— INSTRUCTIONS FOR THE TASK —
In the answer, transcribe exactly the lines from the beginning of the material through the line holding "貓人男士襪子男純棉花紗100", and skip every picture.

— TASK INPUTS —
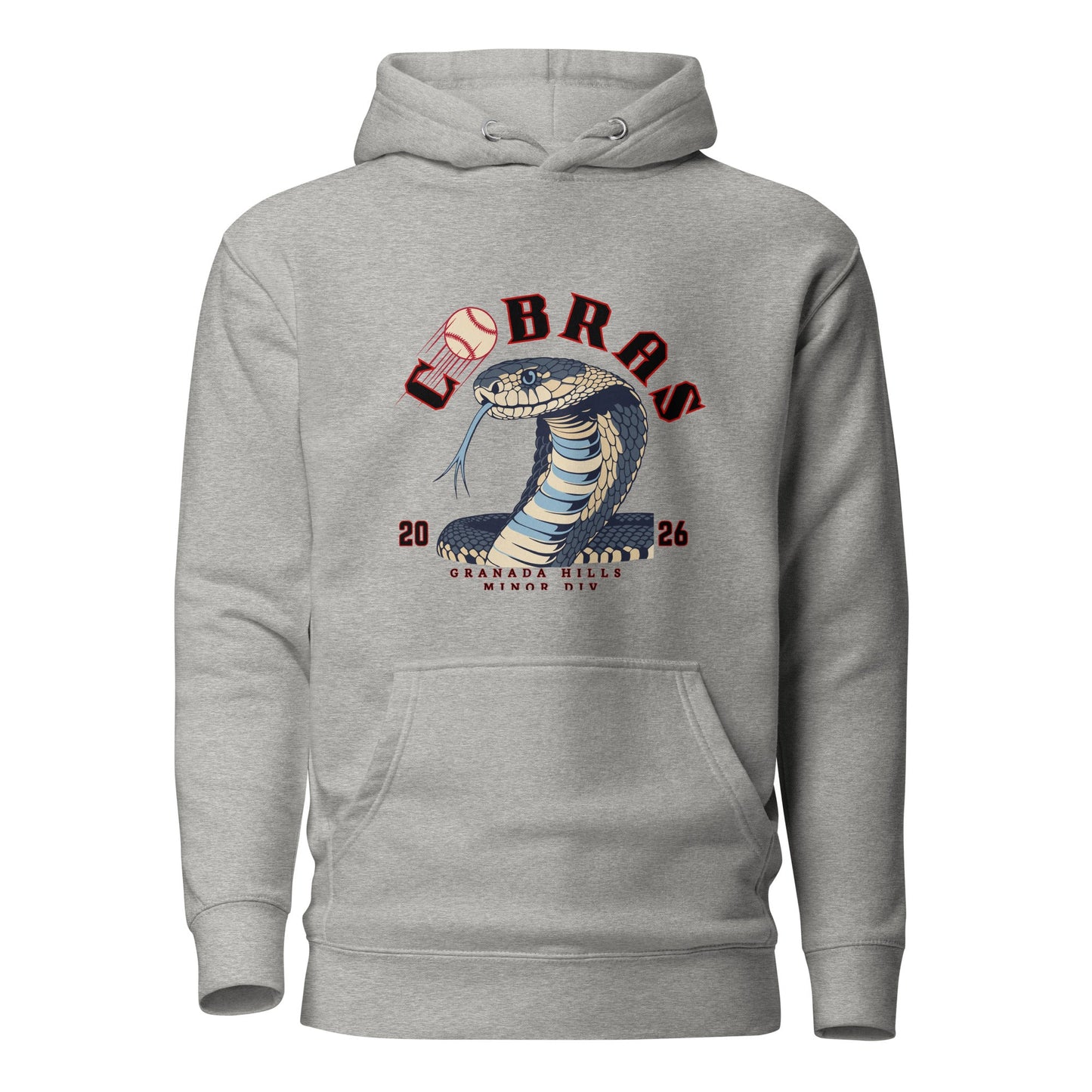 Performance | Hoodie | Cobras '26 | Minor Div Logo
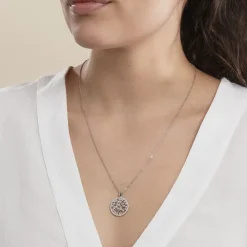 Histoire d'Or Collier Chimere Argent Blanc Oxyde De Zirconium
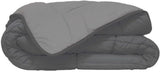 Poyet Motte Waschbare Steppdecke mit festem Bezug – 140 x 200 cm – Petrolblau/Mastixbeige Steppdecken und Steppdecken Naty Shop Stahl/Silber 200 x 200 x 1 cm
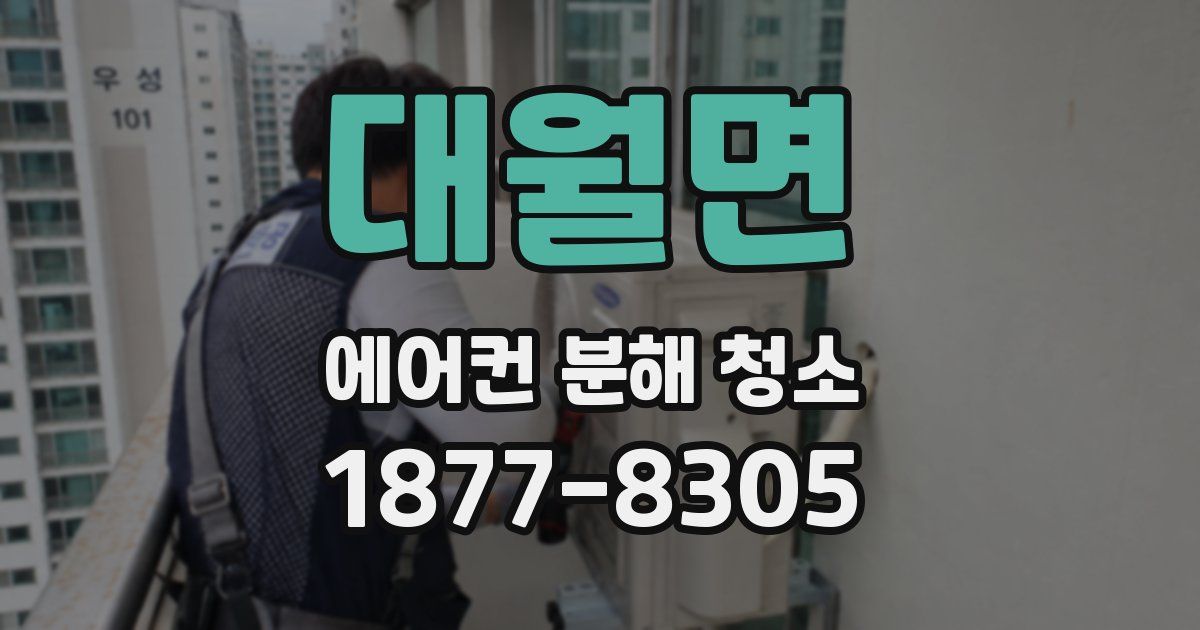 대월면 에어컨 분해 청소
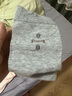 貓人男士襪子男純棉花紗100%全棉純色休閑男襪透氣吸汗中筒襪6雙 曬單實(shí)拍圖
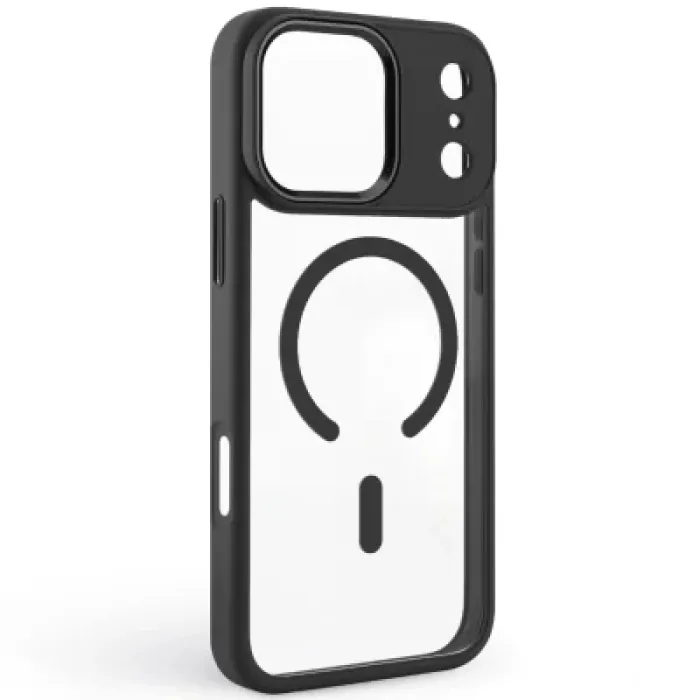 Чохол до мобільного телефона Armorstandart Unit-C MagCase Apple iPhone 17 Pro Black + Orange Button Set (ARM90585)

— TASK SOLUTION —
 Performance | Hoodie | Cobras '26 | Minor Div Logo
 Histoire d'Or Collier Chimere Argent Blanc Oxyde De Zirconium
 Poyet Motte Waschbare Steppdecke mit festem Bezug – 140 x 200 cm – Petrolblau/Mastixbeige Steppdecken und Steppdecken Naty Shop Stahl/Silber 200 x 200 x 1 cm
 대월면 에어컨 분해 청소
 貓人男士襪子男純棉花紗100%全棉純色休閑男襪透氣吸汗中筒襪6雙 曬單實(shí)拍圖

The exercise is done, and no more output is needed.